Tue 30 Dec 2014

## Fast Circular Substitution

Posted by Edward Kmett under Algorithms , Haskell , Type Theory[3] Comments

Emil Axelsson and Koen Claessen wrote a functional pearl last year about Using Circular Programs for Higher-Order Syntax.

About 6 months ago I had an opportunity to play with this approach in earnest, and realized we can speed it up a great deal. This has kept coming up in conversation ever since, so I've decided to write up an article here.

In my bound library I exploit the fact that monads are about substitution to make a monad transformer that manages substitution for me.

Here I'm going to take a more coupled approach.

To have a type system with enough complexity to be worth examining, I'll adapt Dan Doel's UPTS, which is a pure type system with universe polymorphism. I won't finish the implementation here, but from where we get it should be obvious how to finish the job.

Unlike Axelsson and Claessen I'm not going to bother to abstract over my name representation.

To avoid losing the original name from the source, we'll just track names as strings with an integer counting the number of times it has been 'primed'. The name is purely for expository purposes, the real variable identifier is the number. We'll follow the Axelsson and Claessen convention of having the identifier assigned to each binder be larger than any one bound inside of it.
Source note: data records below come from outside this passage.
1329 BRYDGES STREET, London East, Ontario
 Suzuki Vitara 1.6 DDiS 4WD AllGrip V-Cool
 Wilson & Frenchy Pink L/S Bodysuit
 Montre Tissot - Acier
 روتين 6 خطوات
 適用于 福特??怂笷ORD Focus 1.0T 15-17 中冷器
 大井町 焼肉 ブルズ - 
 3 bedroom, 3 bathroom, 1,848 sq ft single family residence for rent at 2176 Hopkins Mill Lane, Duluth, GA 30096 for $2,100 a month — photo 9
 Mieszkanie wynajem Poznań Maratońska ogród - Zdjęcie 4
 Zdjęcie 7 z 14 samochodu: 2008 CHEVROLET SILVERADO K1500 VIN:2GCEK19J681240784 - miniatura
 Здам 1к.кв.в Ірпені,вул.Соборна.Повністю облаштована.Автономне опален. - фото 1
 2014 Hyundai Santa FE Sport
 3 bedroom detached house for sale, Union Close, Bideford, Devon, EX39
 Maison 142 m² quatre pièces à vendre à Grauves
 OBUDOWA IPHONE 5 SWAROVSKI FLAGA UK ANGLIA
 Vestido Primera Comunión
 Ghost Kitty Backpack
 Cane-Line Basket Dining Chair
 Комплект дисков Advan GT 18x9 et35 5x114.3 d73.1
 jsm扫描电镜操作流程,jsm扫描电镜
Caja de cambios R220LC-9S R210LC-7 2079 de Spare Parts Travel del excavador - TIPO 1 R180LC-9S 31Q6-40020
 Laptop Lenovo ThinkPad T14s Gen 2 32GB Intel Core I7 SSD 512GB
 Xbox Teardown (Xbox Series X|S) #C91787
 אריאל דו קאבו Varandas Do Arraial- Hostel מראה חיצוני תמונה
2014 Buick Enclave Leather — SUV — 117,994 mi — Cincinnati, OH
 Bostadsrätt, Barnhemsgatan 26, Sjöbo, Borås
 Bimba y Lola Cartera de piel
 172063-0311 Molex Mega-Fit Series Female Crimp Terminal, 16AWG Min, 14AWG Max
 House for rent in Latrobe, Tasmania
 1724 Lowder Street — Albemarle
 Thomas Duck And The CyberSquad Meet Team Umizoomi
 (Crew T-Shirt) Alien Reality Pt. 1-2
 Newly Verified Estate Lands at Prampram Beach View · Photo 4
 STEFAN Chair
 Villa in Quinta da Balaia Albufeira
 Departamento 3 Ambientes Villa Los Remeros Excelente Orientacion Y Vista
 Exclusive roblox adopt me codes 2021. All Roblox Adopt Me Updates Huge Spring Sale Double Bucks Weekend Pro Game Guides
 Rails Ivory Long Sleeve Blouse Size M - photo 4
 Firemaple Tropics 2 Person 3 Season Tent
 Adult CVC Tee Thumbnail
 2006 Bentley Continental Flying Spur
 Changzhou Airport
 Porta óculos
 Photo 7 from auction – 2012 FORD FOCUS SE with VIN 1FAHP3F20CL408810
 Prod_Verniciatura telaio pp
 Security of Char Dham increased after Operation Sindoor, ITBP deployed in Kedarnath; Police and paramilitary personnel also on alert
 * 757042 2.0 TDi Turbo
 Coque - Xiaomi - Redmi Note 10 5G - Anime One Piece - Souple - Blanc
If you don't need he original source names you can cull them from the representation, but they can be useful if you are representing a syntax tree for something you parsed and/or that you plan to pretty print later.

data Name = Name String Int deriving (Show,Read) hint :: Name -> String hint (Name n _) = n nameId :: Name -> Int nameId (Name _ i) = i instance Eq Name where (==) = (==) `on` nameId instance Ord Name where compare = compare `on` nameId prime :: String -> Int -> Name prime n i = Name n (i + 1)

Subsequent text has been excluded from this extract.